Thank you Lakelynn! I'm really happy that I finally wrote and shared that with a group, in all the feelings I had. It's really cleansing. The shame is going away bit by bit, like removing the band aid a bit at a time. That's a a metaphor I read from here, and it's been a great visualisation for this healing journey.

It's true he was so bad to me. I think the compulsion for me to stick around was this belief that if I could be better, my mom would finally love me. And like a band aid, that belief saved me from gushing blood. But now I want to really heal the cut itself, so that I don't need the band aid anymore. It's really amazing what my mind came up with to survive, like the creativity involved in all that.

I hope it wasn't too much info too fast haha. I tended to attach too early too. But I really want to find a support group that has good give and take. I think that's really healing for everyone.

Thanks for reading and for your reply!!! It means a lot :)

Lakelynn

Keirshy, when you say "It's really amazing what my mind came up with to survive, like the creativity involved in all that." Absolutely true! Our individual stories are so unique and contain many elements, we want to write our own ending, on our own terms. Nope, it wasn't too much info too fast. Many people dip their toe in here and that's all we see. Then others take a dive in. This is the place to find what you're looking for.

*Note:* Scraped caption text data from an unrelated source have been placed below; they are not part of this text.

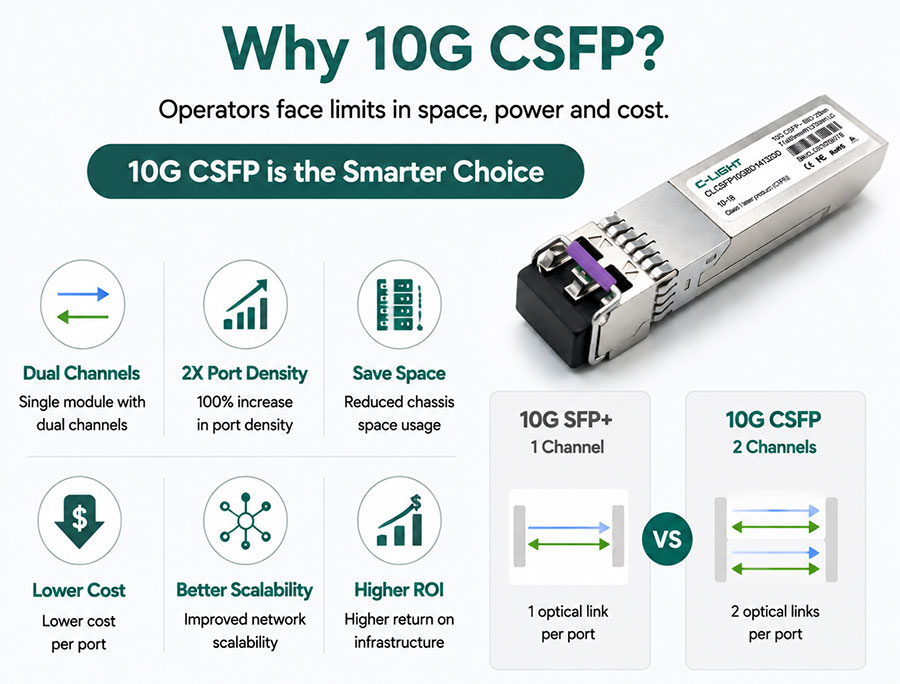 Why-is-10G-CSFP-gaining-attention-from-operators.jpg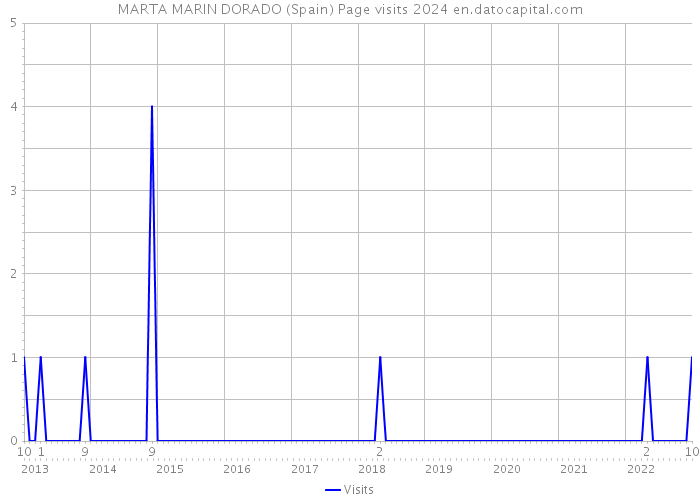 MARTA MARIN DORADO (Spain) Page visits 2024 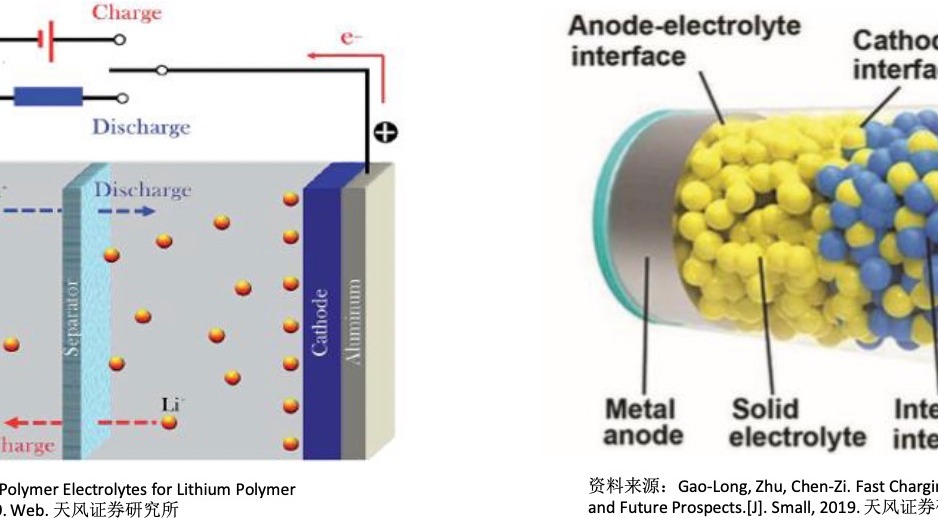 车企全力冲刺 固态电池迎“新拐点”？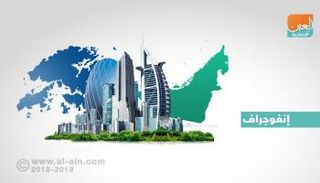 نمو التجارة بين الإمارات وهونج كونج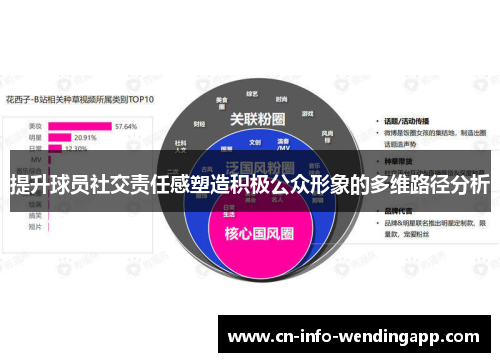 提升球员社交责任感塑造积极公众形象的多维路径分析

Could you be the heroine? Would you have a group of supporters? Who might they be? Are they internal or external? It's fun to think about our power and the way we can use it, and recognize it in others as well.

I'm in the process of writing for the anthology collection posted on the main page. OOTS MEMBERS ARE WRITING THEIR STORIES FOR A BOOK & WE'D LOVE FOR YOU TO ADD YOURS (THEY ARE ANONYMOUS). Writing even part of your story, wherever it is, can be a way to process and take one more step along that healing road.


storyworld

I'm sorry for your pain. It can hurt to realize someone one cares about was, in essence, "playing" them. I hope you experience healing.

Keirshy

Thanks Lakelynn and storyworld for the supportive replies.

To Lakelynn, I wouldn't mind having my story there, but I'm travelling now and I'm not sure I have the time or energy to make it by the deadline. I read it was Oct 5. I'm trying to de-stress my life you see.

I'm really happy that I did join this community. I'd love to read and post more here.

To storyworld, thank you for the well wishes. I am healing now, not just running away. Wishing you healing too!